Excerpted data:
————————

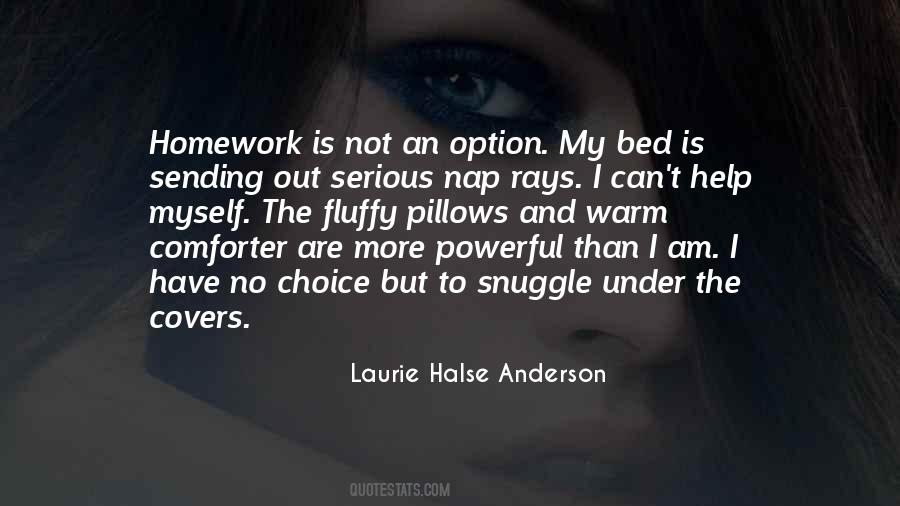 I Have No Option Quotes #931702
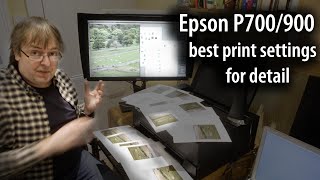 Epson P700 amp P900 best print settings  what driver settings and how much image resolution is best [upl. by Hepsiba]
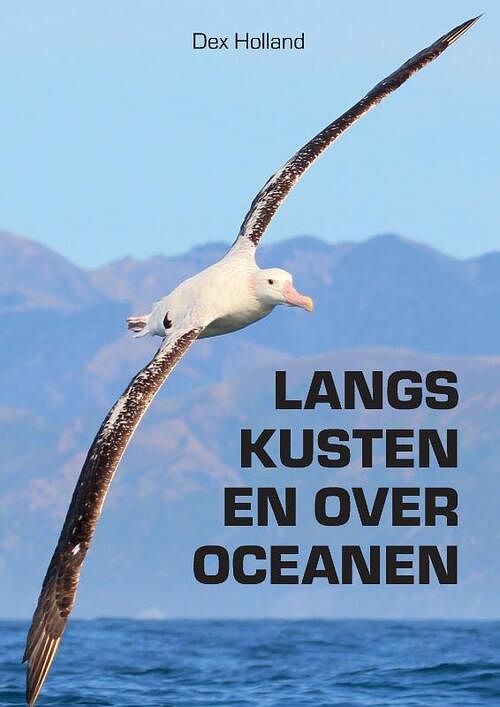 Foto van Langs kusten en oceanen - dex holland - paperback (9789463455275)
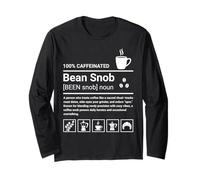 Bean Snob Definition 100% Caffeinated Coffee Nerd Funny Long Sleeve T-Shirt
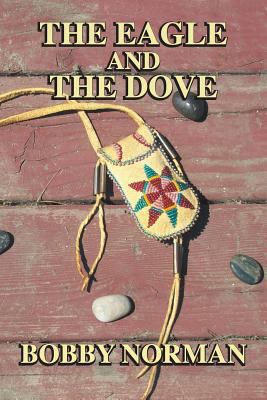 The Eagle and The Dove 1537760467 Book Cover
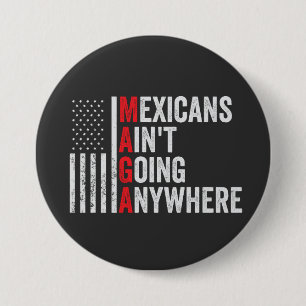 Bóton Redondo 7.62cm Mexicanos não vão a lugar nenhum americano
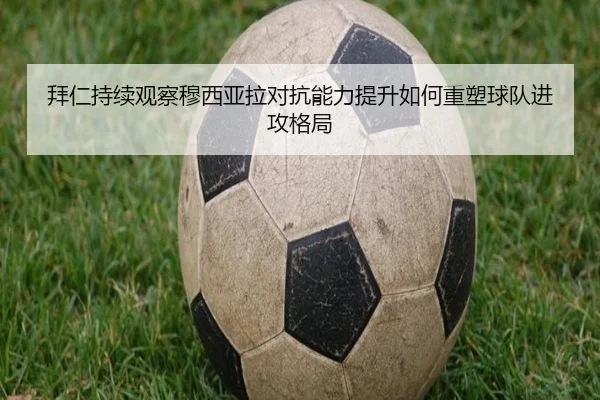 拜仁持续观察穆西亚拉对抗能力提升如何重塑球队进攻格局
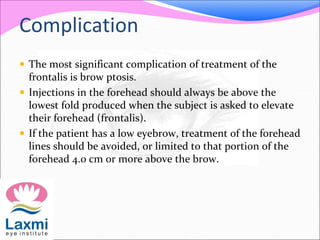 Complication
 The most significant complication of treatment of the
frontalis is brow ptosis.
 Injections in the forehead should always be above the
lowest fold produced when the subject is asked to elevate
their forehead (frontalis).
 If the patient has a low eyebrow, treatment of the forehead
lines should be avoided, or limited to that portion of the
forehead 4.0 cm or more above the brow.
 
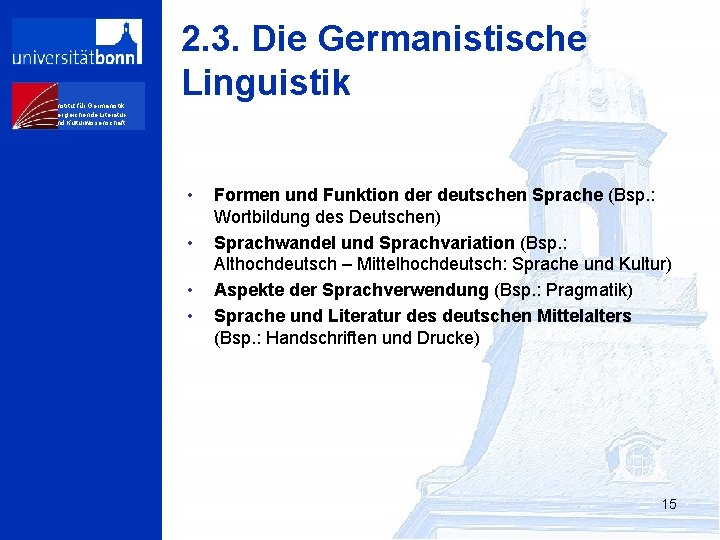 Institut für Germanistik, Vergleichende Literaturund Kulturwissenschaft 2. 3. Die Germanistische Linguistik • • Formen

————————

Activity:
From the line containing "lines should be" through the end of the entries, quote each line exactly and nothing else, excluding all pictures.

Answer area:
lines should be avoided, or limited to that portion of the
forehead 4.0 cm or more above the brow.
 
 Institut für Germanistik, Vergleichende Literaturund Kulturwissenschaft 2. 3. Die Germanistische Linguistik • • Formen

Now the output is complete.